- Founder: Just Rens
- Founded: 24 January 1967
- Dissolved: 1973
- Split from: National Party of Suriname
- Ideology: Social democracy

= Progressive National Party (Suriname) =

The Progressive National Party (Progressieve Nationale Partij, PNP) was a political party in Suriname.

The party was founded in January 1967 by Just Rens, a former member of the parliament and Minister of Construction on behalf of the National Party of Suriname, who was fired after a conflict with the party.

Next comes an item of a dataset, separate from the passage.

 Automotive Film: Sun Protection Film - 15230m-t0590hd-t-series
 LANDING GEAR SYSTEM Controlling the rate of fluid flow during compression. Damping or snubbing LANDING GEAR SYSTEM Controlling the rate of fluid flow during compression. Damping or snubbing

In the 1967 Surinamese general election, PNP won three seats in the parliament. Besides Rens, Jules Sedney and Aksel Quintus Bosz were elected. Two and a half years later, the party participated in the early elections as part of the PNP bloc. In addition to the PNP, this partnership consisted of KTPI, PSV and PBP. The PNP bloc won eight seats. PNP formed a coalition with the VHP bloc, in which PNP member Jules Sedney became prime minister.

The 1973 elections were mainly between the National Party Combination (NPK; consisting of NPS, PNR, PSV and KTPI) and the VHP bloc. With almost 3.2% of the votes, the PNP did not win a seat. Of the 39 seats, 22 went to the NPK and the remaining 17 went to the VHP bloc. Afterwards, the PNP would not return to parliament.